Jubel Tina-Turner-Tributshow als fast perfekte Illusion

Frankfurt/Main (dpa) — So ziemlich alles passt an dieser Tina Turner. Die mehrfach ‎wechselnde Frisur, die Outfits, die Bewegungen, die Schritte, das Lachen und Reden ‎und vor allem das Singen.

Jubel: Tina-Turner-Tributshow als fast perfekte Illusion
Foto: dpa

Es ist aber natürlich nicht Tina Turner selbst, die bei der ‎Uraufführung von „Simply the Best“ in Frankfurt auf der Bühne steht, singt und ‎tanzt und 1700 Menschen unterschiedlicher Generationen mitreißt. Der Jubel in der Alten Oper gilt am Ende einer zweieinhalbstündigen Show der ‎Sängerin Dorothea „Coco“ Fletcher und ihren musikalischen Mitstreitern. Sie ‎haben nicht nur eine musikalische Zeitreise durch fünf Jahrzehnte präsentiert.

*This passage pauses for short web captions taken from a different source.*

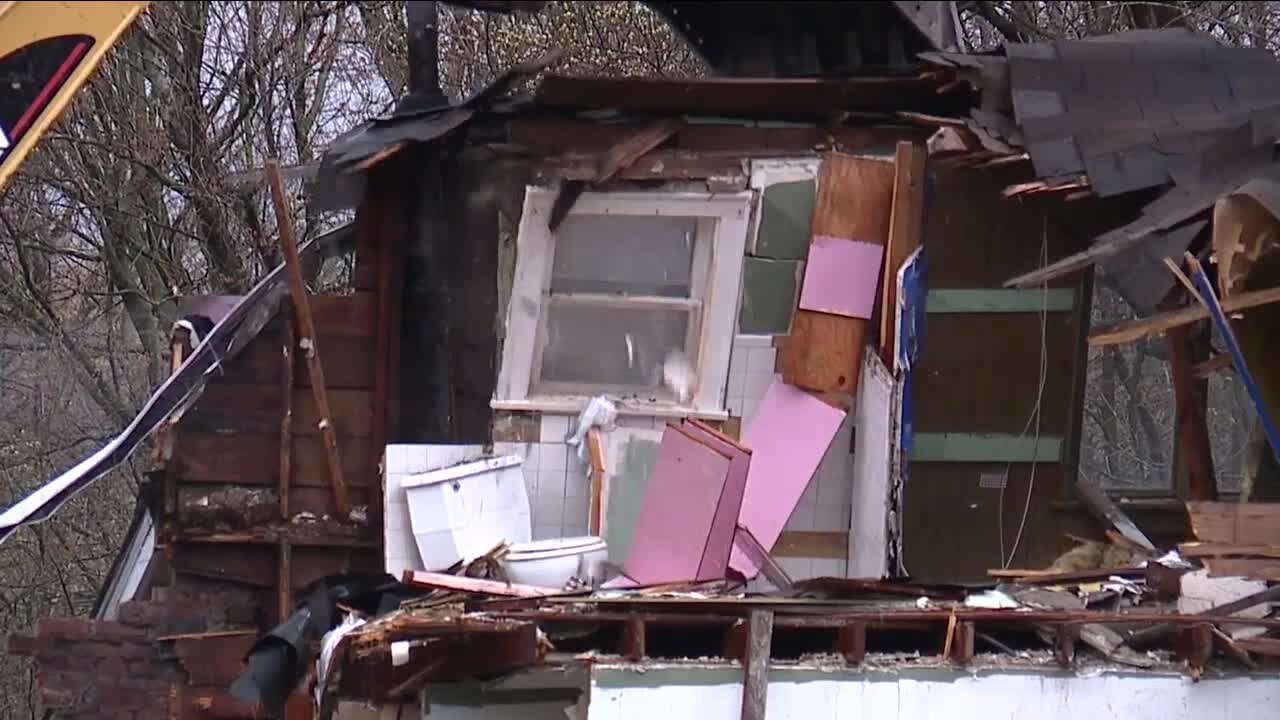 Infamous Green motel demolished, 1991 triple murder remains unsolved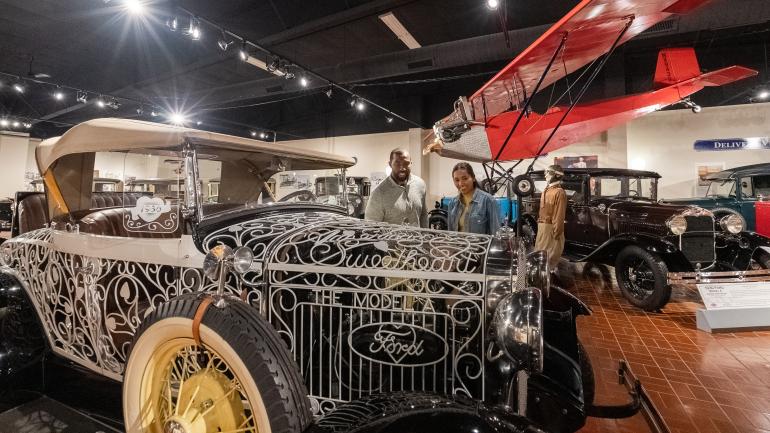 在卡拉马祖的吉尔摩汽车博物馆欣赏经典汽车 在卡拉马祖的吉尔摩汽车博物馆欣赏经典汽车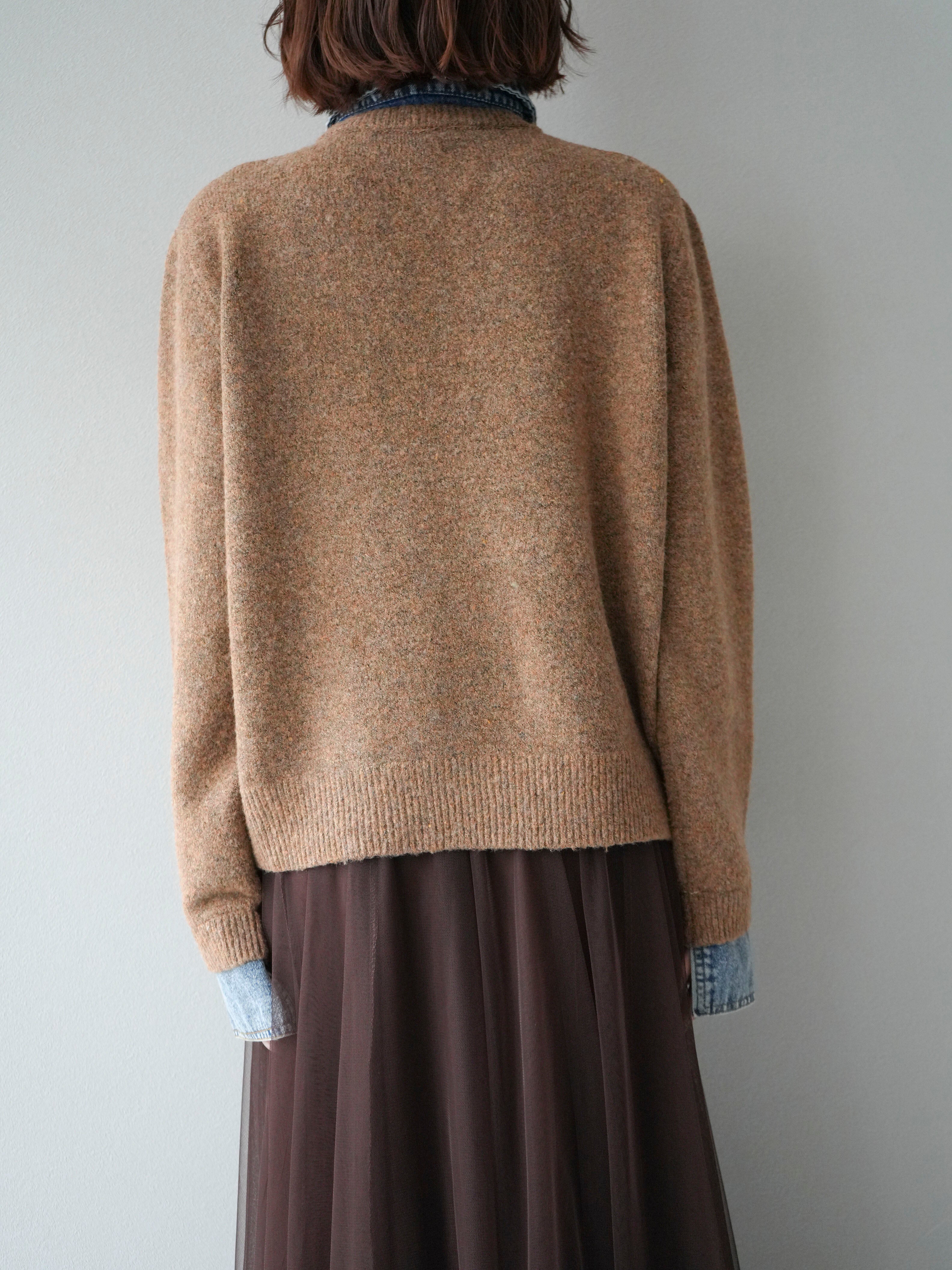 予約]デニム襟ボタンニットカーディガン/キャメル– Lumier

Die ‎Show des Erfolgsproduzenten Bernhard Kurz vermittelt auch, skizzenhaft und ‎trotzdem überzeugend, Einblicke in den wechselvollen Lebens- und Karriereweg der ‎‎1939 in Tennessee geborenen Künstlerin. Nach ersten Erfolgen und ‎komplettem Absturz schaffte sie den Weg zurück ins Showgeschäft und schließlich ‎mit über 180 Millionen verkauften Tonträgern und Rekordtourneen zu einer der ‎weltweit erfolgreichsten Sängerinnen.‎

Am Tiefpunkt ihrer Karriere und ihres Lebens, nach der Trennung von ihrem ‎drogenabhängigen und gewalttätigen Mann Ike Turner im Jahr 1976, besaß Tina ‎Turner gerade noch 36 Cent, erfahren die Besucher der Show. 2014 wurde das ‎Vermögen der Sängerin und Schauspielerin, die seit langem in der Schweiz lebt und ‎‎2013 auch die Staatsbürgerschaft ihrer Wahlheimat erhielt, auf 225 Millionen ‎Schweizer Franken geschätzt.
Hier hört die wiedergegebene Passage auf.